Sunday, February 5, 2012

Who am I?

Who are you, and what do you want to do for you?

This is a question that my friend Lisa asked me last weekend. I had no clue as to how to answer her. I have been Mr. Bob's daughter, who has taken care of him for three years. That has been my identity for so long, I have no idea who I am, other than that.

So, today I woke up and said I am Julie Boland, wife and mother, and I am going to start this new phase of my life by being the best wife and mother, that I can be. I am going to get back to making my jewelry, because I have missed that creative outlet very badly. I am going to finish painting the whole house, because I have been in the process of that for the last three years, and haven't been able to finish. I am going to take some time, every single day, and do something for me - what that may be, I have no idea yet, but there will be something. I am going to start reading again. I haven't had the time to just sit and read a book, at my leisure for a long time. I have had to speed read, and that is not the way to read a good book. I am going to take time and visit my friends, who I haven't seen in ages. I am going to actually be able to plan ahead, and make plans for whatever I want to do, without worrying about whether Daddy will need me or not.

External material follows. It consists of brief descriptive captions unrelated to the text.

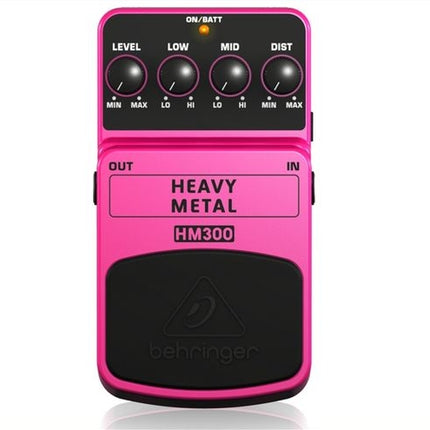 Behringer HM300 Heavy Metal Distortion Guitar Effects Pedal
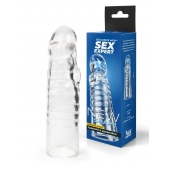 Прозрачная закрытая насадка на член - 15 см. - Sex Expert - в Первоуральске купить с доставкой
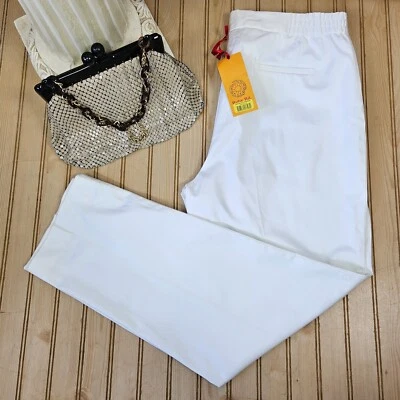 NWT Ruby Rd Womens Size 16 White Tapered Leg Comfort Waist Pants Stretch RP $54 - Image 1 of 4
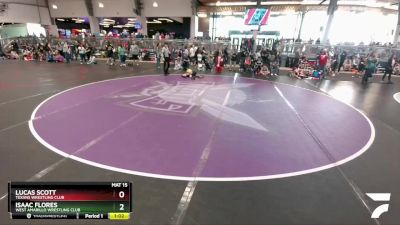 70 lbs Semifinal - Lucas Scott, Texans Wrestling Club vs Isaac Flores, West Amarillo Wrestling Club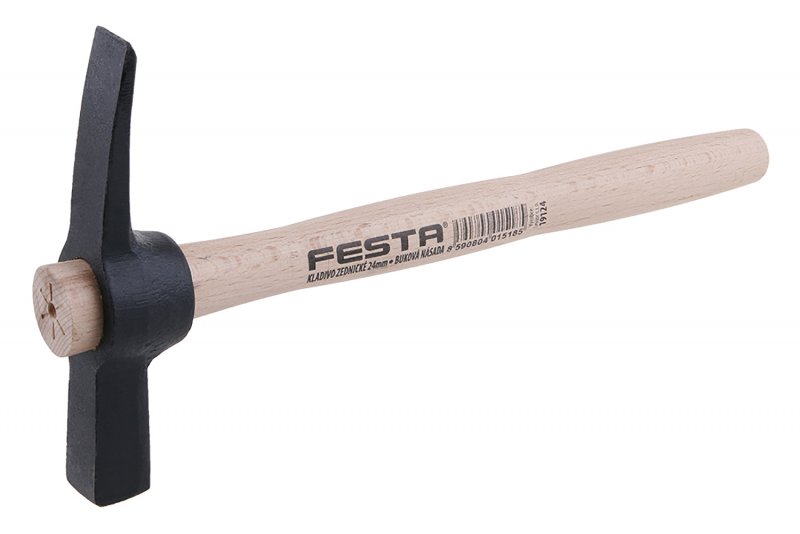 Levně FESTA Kladivo zednické 24mm 30cm násada dřevo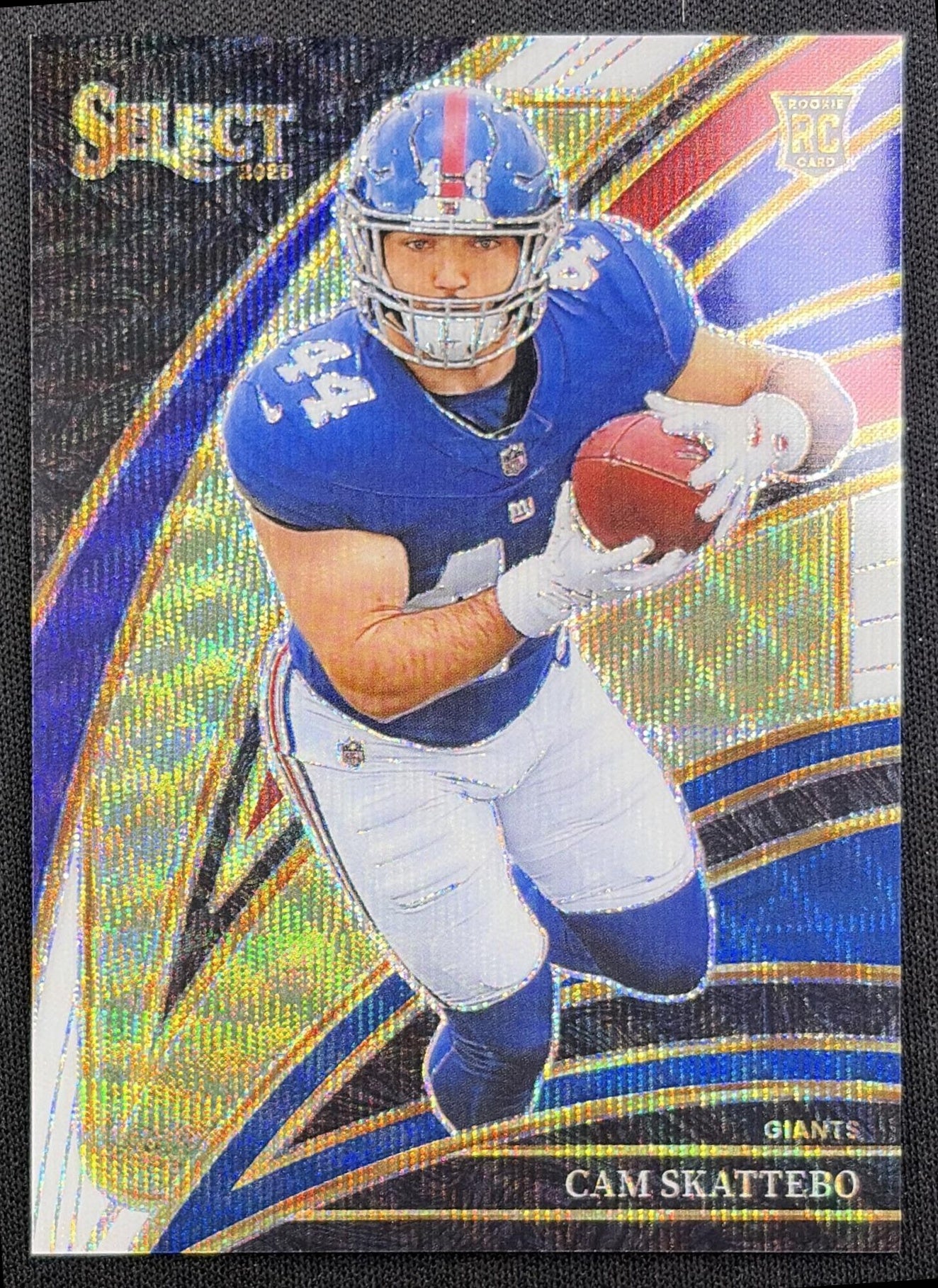 Cam Skattebo 2025 Panini Select Club Level Tri-Color Prizm /249 Giants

I still have to clean out Daddy's house, shop, attic, and all the rest of the stuff down at his property - and believe me, there is a LOT of it. But, I am going to look at it in a different manner, than I have been looking at it. I am going to find things that bring back wonderful memories of Momma and Daddy, instead of Oh God, all this stuff. I am going to cuss both of them for keeping some of the things they kept for so many years! :0)

I am going into this new phase of my life, every day, with a smile on my face. That smile may not last all day during this time of healing and reflection, but I will start out that way. I know I did the best I could for Daddy, and busted my ass to make sure his last wishes were honored. I can sleep at night, knowing I did the right thing, in the right way, for me.

So the question again.. Who am I and what do I want to do for me? I am in the process of finding that out, and I am determined to enjoy it, every single step of the way.. falls and all!